In any case, according to Fernández Palacios, “early retirement does not have to harm the worker in terms of his future retirement, since contributions continue. Of course, if a pre-retired worker agrees to early retirement, he will lose the right to continue receiving the amount that he had agreed upon with the company if it had been established until he reached ordinary retirement age. Regarding whether it represents an economic loss in the face of definitive retirement, whether it could lead to a reduction in the future pension, everything will depend on the worker’s contributions from the beginning of his pre-retirement,” he explains.
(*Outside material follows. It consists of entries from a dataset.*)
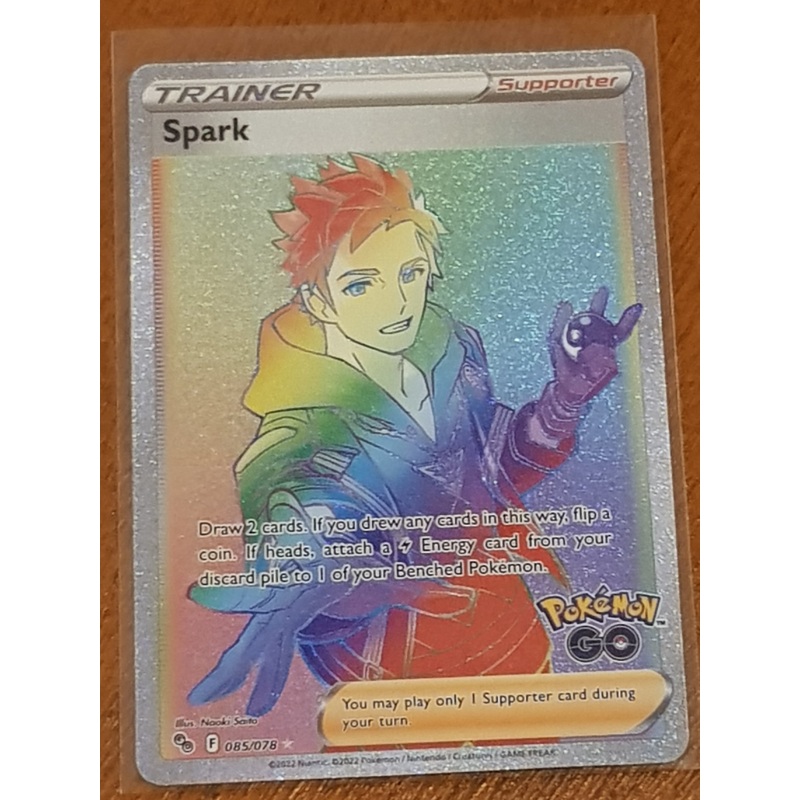 Pokemon Sword and Shield Go Spark #85/78 Rainbow Foil Trading Card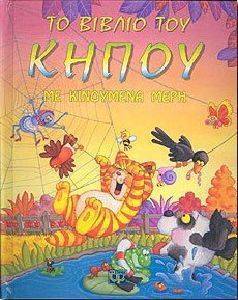ΤΟ ΒΙΒΛΙΟ ΤΟΥ ΚΗΠΟΥ ΤΟ ΒΙΒΛΙΟ ΤΟΥ ΚΗΠΟΥ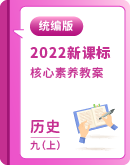 【2022新课标】统编版历史九年级上册统编教案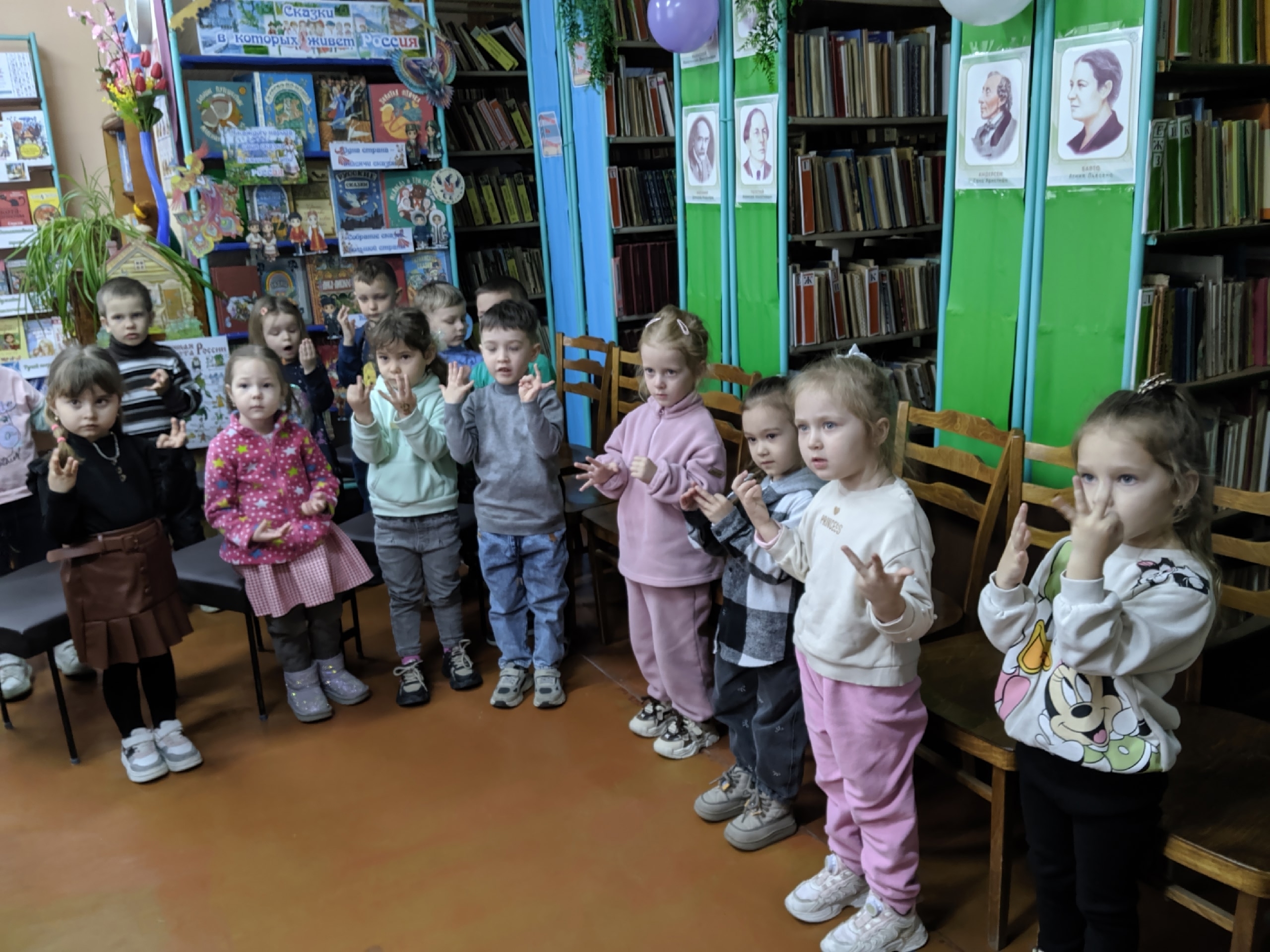 Централизованная библиотечная система Красноперекопского района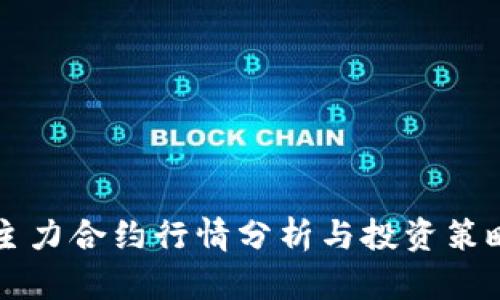 主力合约行情分析与投资策略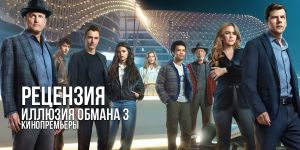 Рецензия на фильм «Иллюзия обмана 3»: триквел, который действительно обманывает, правда, далеко не зрителя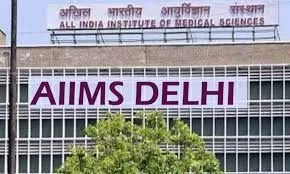 Aiims hospitals Delhi | Best Hospital in  Delhi  | Top Hospital in Delhi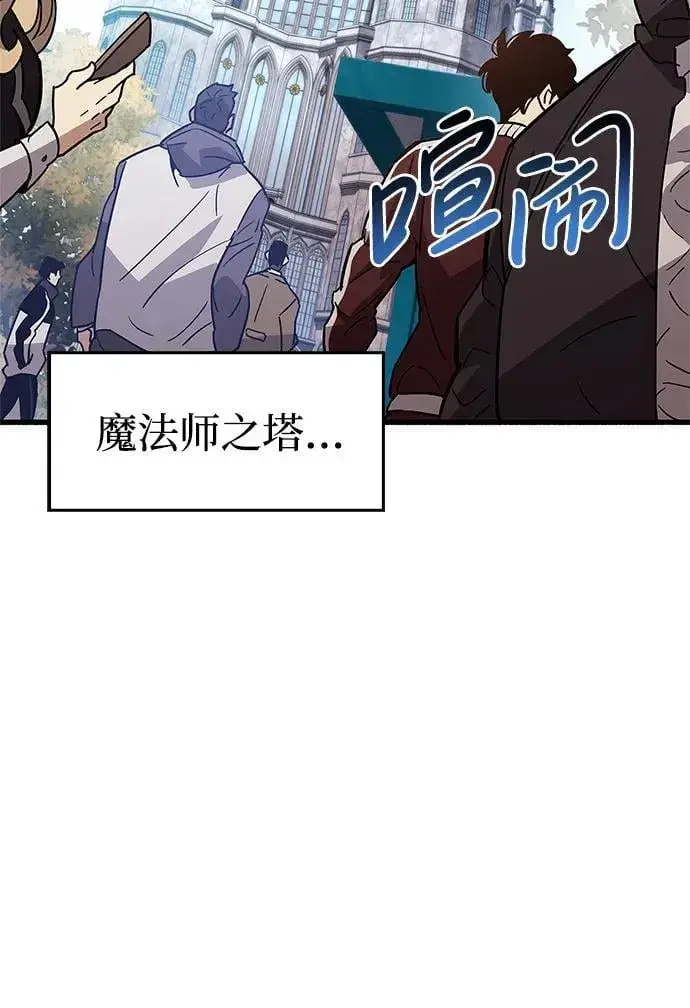 《隐瞒黑历史的玩家》第16话图57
In addition to the economic factor, Ageingnomics recommends that each person calmly evaluate their particular case taking into account their needs and aspirations. “Not only do we have to take into account the financial part and the expenses necessary to maintain our lifestyle,” says Fernández Palacios. “It is also important to consider the reason for this decision: if it is because you want to change your sector or activity, you can always choose to reinvent yourself or start a business. If it is a decision due to dissatisfaction in your company, I would recommend talking to your company to find a solution. In the end, senior talent is very valuable and companies that have generational diversity create more value.”
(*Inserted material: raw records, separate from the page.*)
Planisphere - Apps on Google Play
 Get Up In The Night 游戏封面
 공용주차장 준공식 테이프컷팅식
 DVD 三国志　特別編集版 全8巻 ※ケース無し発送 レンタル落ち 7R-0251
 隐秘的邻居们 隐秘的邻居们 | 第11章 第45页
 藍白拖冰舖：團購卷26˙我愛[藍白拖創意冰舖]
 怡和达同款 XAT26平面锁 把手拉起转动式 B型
“It is also essential to make this decision taking into account the preferences and particular needs of each person,” the expert emphasizes, “and not from that widespread discourse that an inactive life of rest is necessarily better, especially at a certain age, because it is not It is entirely true. In the end, maintaining a stimulating profession throughout life protects physical and mental health.”
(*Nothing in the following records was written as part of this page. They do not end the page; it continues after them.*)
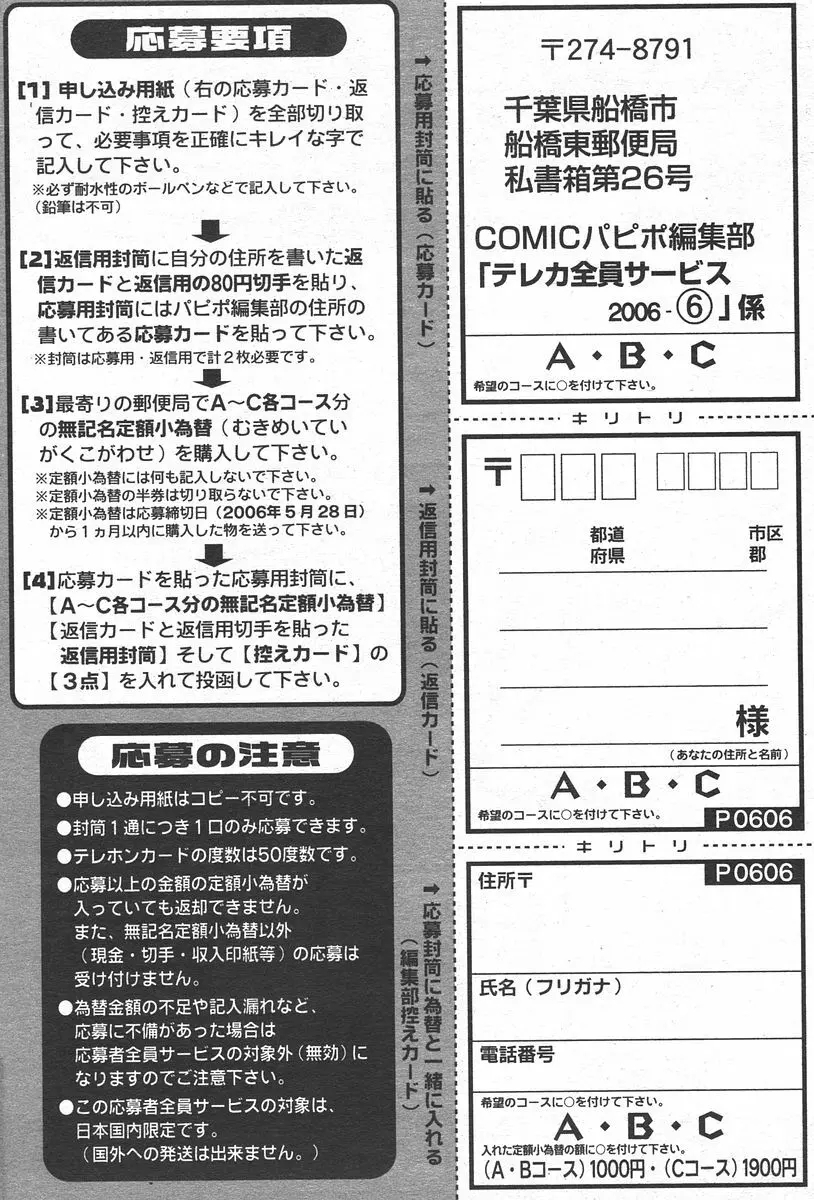 COMIC パピポ 2006年6月号 261ページ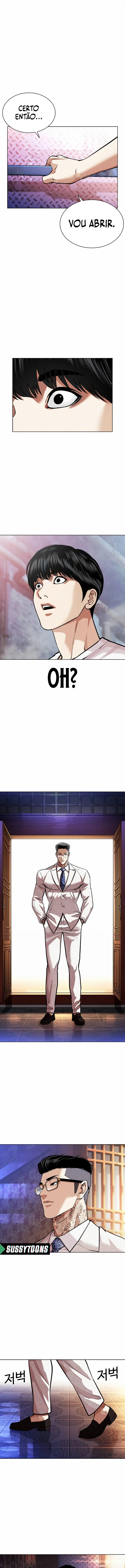 Read Lookism Português Manga Online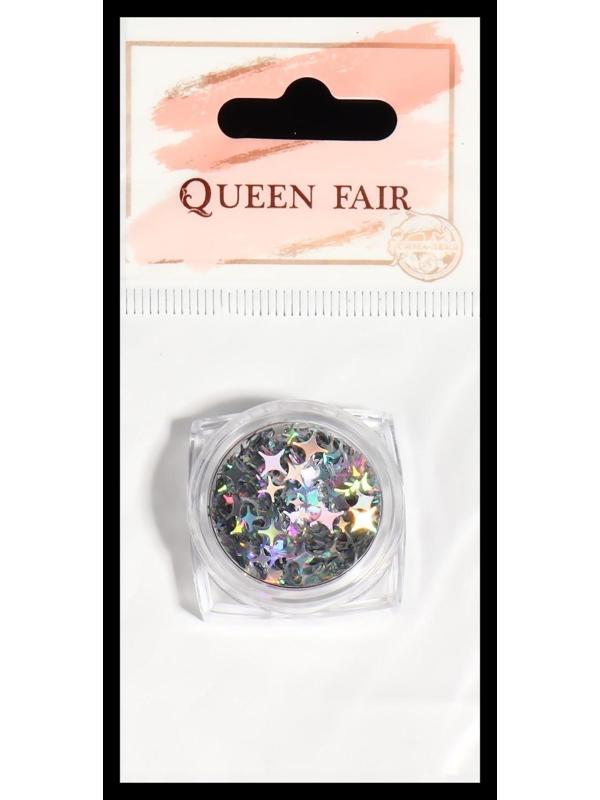 Пайетки для декора ногтей «Звёздная ночь», цвет серебристый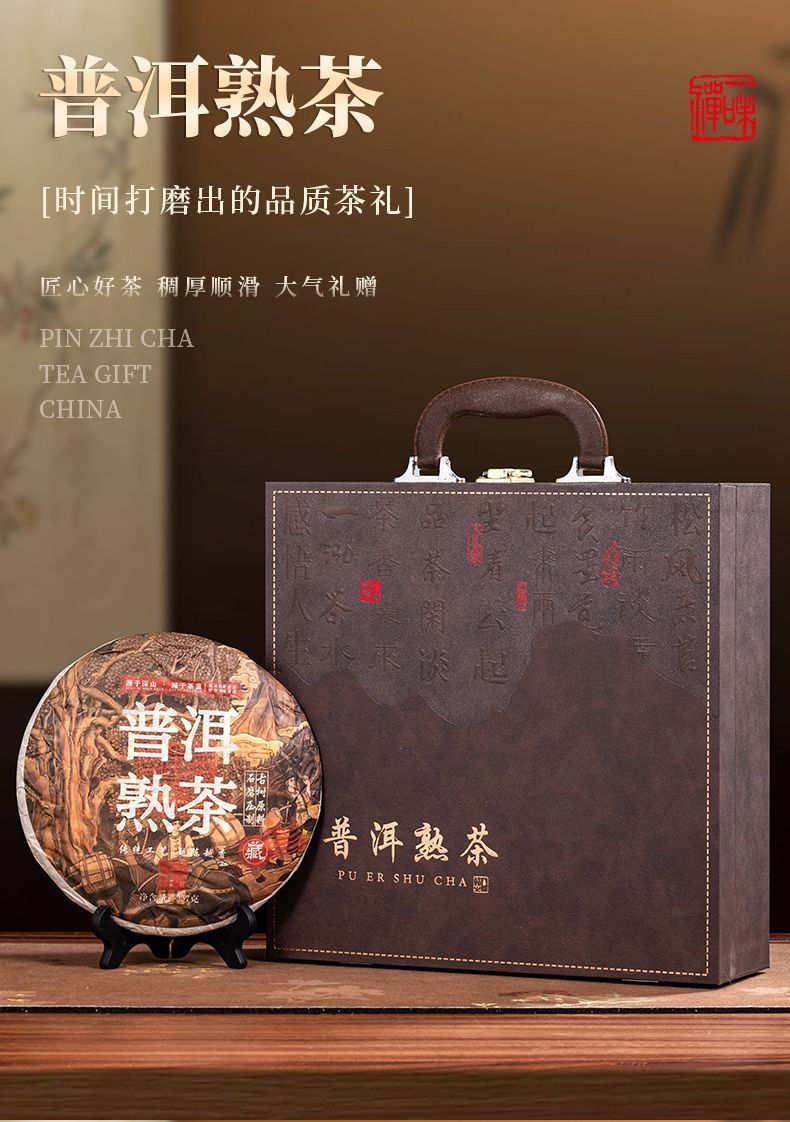 中国の名茶を差し上げます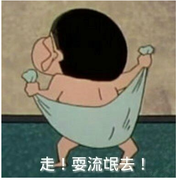 wangy0316的个人资料头像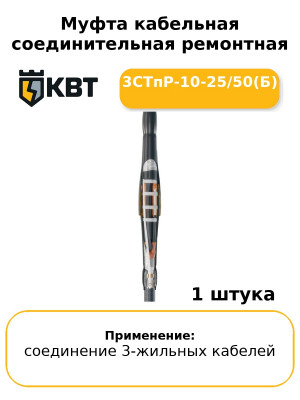 Муфта кабельная соединительная ремонтная 3СТпР-10-25/50(Б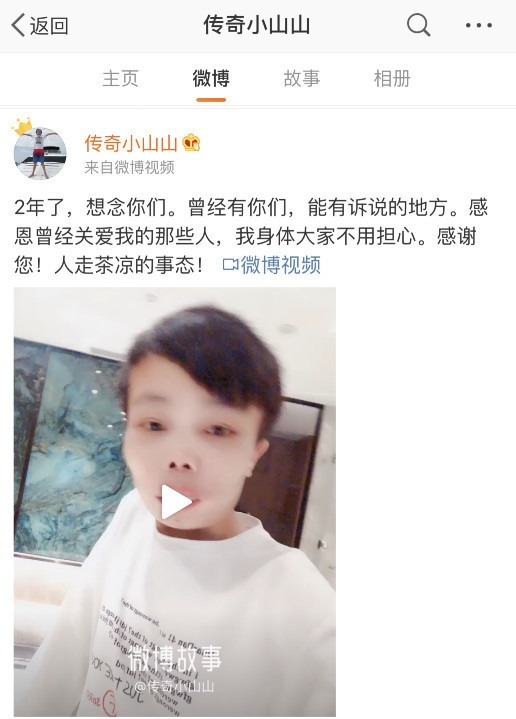 陈山快手账号给散打 微号网新媒体交易平台 陈山快手账号给散打 微号网新媒体交易平台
In any case, if the decision to retire early has already been made, the expert recommends also considering the opportunity that this step represents to reinvent yourself or even to continue growing professionally despite your age. “We always insist that age is not an impediment to remaining active,” he says. “In fact, as we have seen in various studies, the senior economy has an increasingly important role in our society and is an engine of employment for all generations. Therefore, early retirees can choose to reinvent themselves at work, looking for another sector of work. , or opt for entrepreneurship”.
Anna, for example, is clear about what she will do if she finally decides to take the step towards early retirement. “I really like to travel and go to cultural and social events, and we live in a city where there are many and free. When I retire early I will be able to go to many more and travel without a return ticket,” she explains to us. “Anyway, I don’t think you should set any goal to occupy your time once you’ve retired early. We’ve already had our time occupied all our lives! Now it’s time to let our minds free. I’ve been participating in a support group for young girls with social problems and when I retire early I will be able to go more. The whole topic of social help interests me a lot,” she acknowledges.
According to Fernandez Palacios, the number of early retirements is somewhat lower today than it was in the past. However, according to his opinion, technological advances and the emergence of artificial intelligence could bring about a reactivation of the massive processes of yesteryear. “Let us trust that we are capable of arbitrating the appropriate public policies so that this does not put our model of society at risk,” he acknowledges.
Uncertainty about the future is, in fact, one of the reasons why Anna seems to tend to decide on her upcoming early retirement. “The main reason, actually, is health. We have worked for many years and if you wait too long, maybe in the end you are not very well enough to enjoy the years you have left,” she says. “If you retire at 60-something, assuming that you feel very well until you are 70-something, you have about ten years left to have a good time,” she concludes.